REVIEW: ‘Downton Abbey: A New Era’

I’m not sure any story in any movie has ever mattered less than the story in Downton Abbey: A New Era. In this, the second feature film to be spun off from the six-season television series, a bunch of the residents and staff at Downton Abbey go off for a sojourn to the Riviera, while the rest stay behind and watch as a silent film is being made on the grounds. In the middle of the filmmaking, talkies break big and the movie is shut down. And in what may be the most shameless theft of a plotline in movie history, executed with utter shamelessness by Downton creator and writer Julian Fellowes, our heroine Lady Mary both suggests turning the silent into a talkie and dubs the voice of the leading lady with a screechy working-class accent. Yes, we’re Singin’ in the Abbey.

So Lady Mary is still there and still beautiful (although actress Michelle Dockery’s face seems noticeably tighter). And she’s joined by all the old favorites, save for the characters who were killed off so the people playing them could get other jobs. The many couples, both upstairs and downstairs, we’ve watched become couples over the past 12 years are present and accounted for, and mostly blissfully happy. Old enemies have become the dearest of friends. Old villains have become sympathetic. Maggie Smith’s Dowager Countess still delivers a few acid punchlines but mostly tells everyone how wonderful they are and how much she has loved them.

To say the stakes are low here is to be unfair to low stakes. Any and all interpersonal conflict at Downton Abbey is a thing of the past. We just spend two hours watching people praise each other and admire each other and wish the best for each other and root for each other.

This inane and banal piece of blatherskite represents the final degeneration of this once-magnificent franchise. The first season of Downton Abbey, released in 2010, remains one of the greatest achievements in television history. It was a portrait of an aristocracy on the verge of its own historical destruction.

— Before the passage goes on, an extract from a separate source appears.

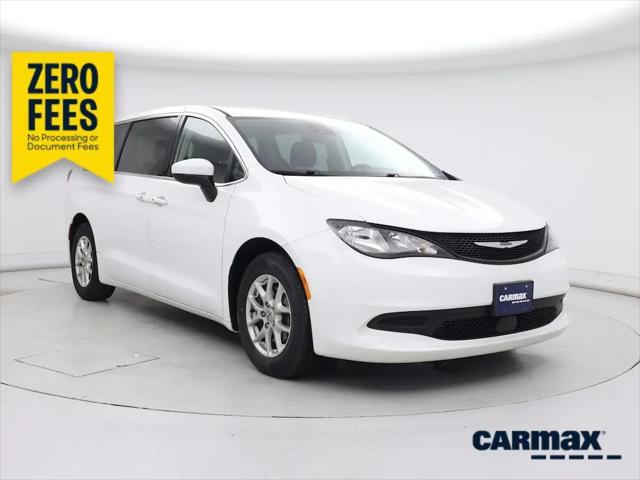 2022 Chrysler Voyager LX for sale in Glen Allen, VA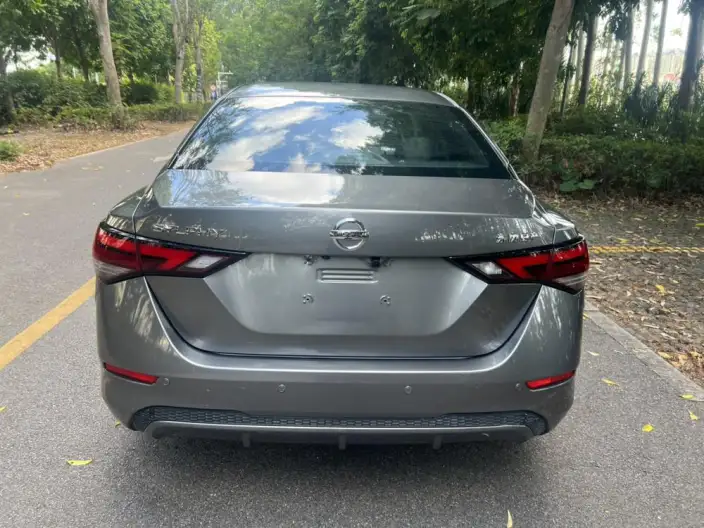 Nissan Sylphy 2022 Model 1.6L XL CVT Yuexiang Edition – фото 6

The Crawley family is on the verge of losing its control of the title castle because the Earl and Duchess of Grantham have borne no male heir. A solution is found by affiancing their daughter Mary to her cousin, who is the heir presumptive. But the fiancé dies on the Titanic, which means the title will then pass to a more distant relative, an upper-middle-class doctor who has no interest in being the lord of the manor. As all this is going on, the house’s many servants are involved in many intrigues, some of them almost murderous.

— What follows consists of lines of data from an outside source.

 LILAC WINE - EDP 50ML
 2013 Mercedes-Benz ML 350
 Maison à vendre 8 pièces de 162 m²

The social and moral complexities of the class clashes were portrayed with meticulous care, with an emphasis on just how central duty and dutifulness was to the life of everyone at every level. For example: The Earl, we learned, had married his American wife solely because she was rich and could retire his father’s debts, just as he was compelling his daughter to marry to save his family’s hold on Downton.

But every second of that first season was haunted by what was to come just a few minutes after the end of its final episode—the assassination of Franz Ferdinand and the beginning of the Great War that would obliterate the old Europe and the old England of which Downton was a shining representative.

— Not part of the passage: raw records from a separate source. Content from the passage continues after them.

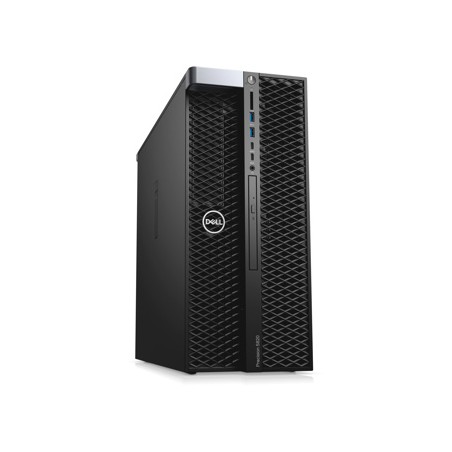 DELL Precision 5820 Tower XCTO Base Nvidia T1000, 4GB  Intel Xeon W-2223 16Go 512Go SSD Win10P 36M
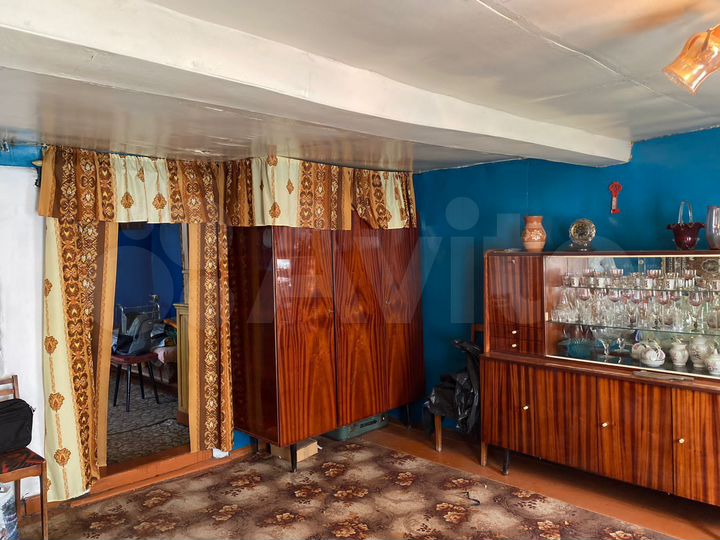 Дом 47,8 м² на участке 12,4 сот.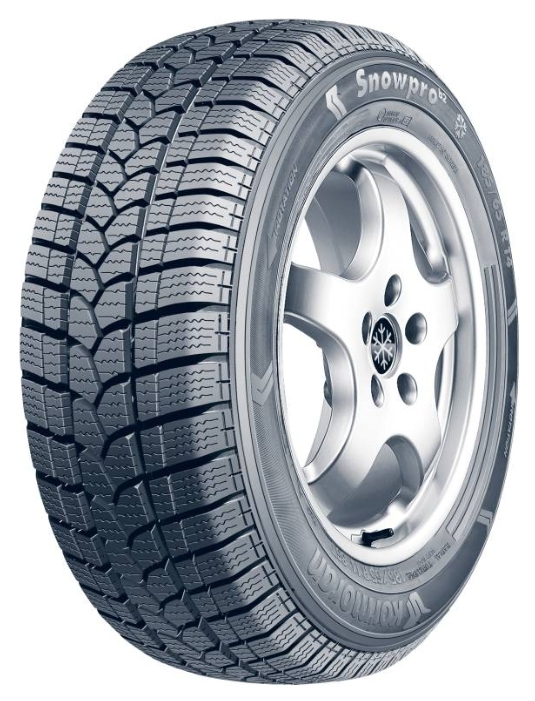 Зимние шины Kormoran Snowpro B2 185/70 R14 88T в Москве от 4717  руб.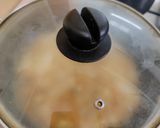 A picture of step 4 of Potatobhaji.
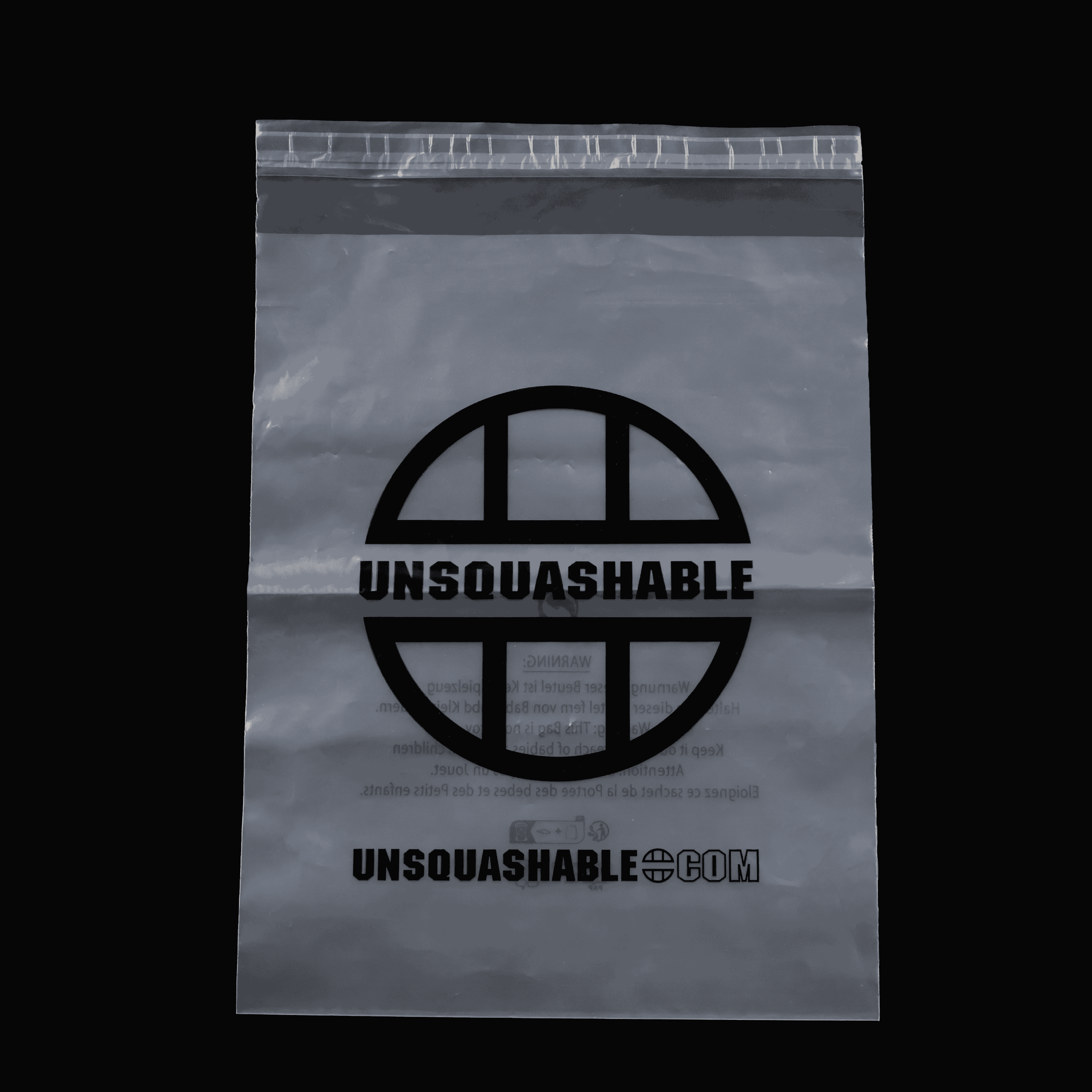 Recycled Poly Bags EcoWrap Bags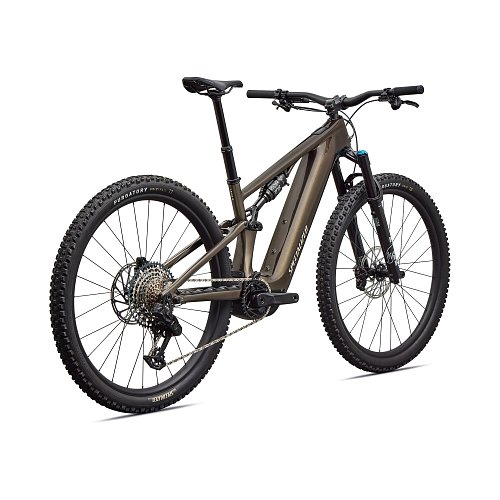 Elektrokolo Specialized Turbo Levo R Comp Gloss Gunmetal extremsport.cz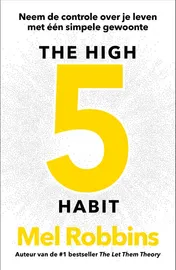 Omslag van The High 5 Habit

The show was a worldwide triumph, and for it to retain its artistic integrity it should have ended right there. But it didn’t, and Fellowes and company cashed in by continuing the series through the war and trying to show that conflict’s effect on the people in and around the house. It became increasingly soapy and preposterous—the Earl’s footman ends up convicted for murdering his ex-wife, while the Earl’s daughter runs off with a chauffeur who doubles as a secret Irish socialist.

Through it all there were all the trappings of a lavish visit to a vanished aristocratic past: the clothing, the furnishings, the jewelry. But the thing just got sillier and sillier, and the large-hearted Fellowes was always determined to provide the characters we had followed so loyally with happy endings.

Which is all that Downton Abbey: A New Era is. It’s two hours of a happy ending. By the blessed end of its lugubriously endless conclusion, I was hoping the onetime Irish radical would just firebomb the place and spare us Downton Abbey: Yet Another Beginning. But we are sinners, and I fear we will get what is coming to us, whether we deserve it or not.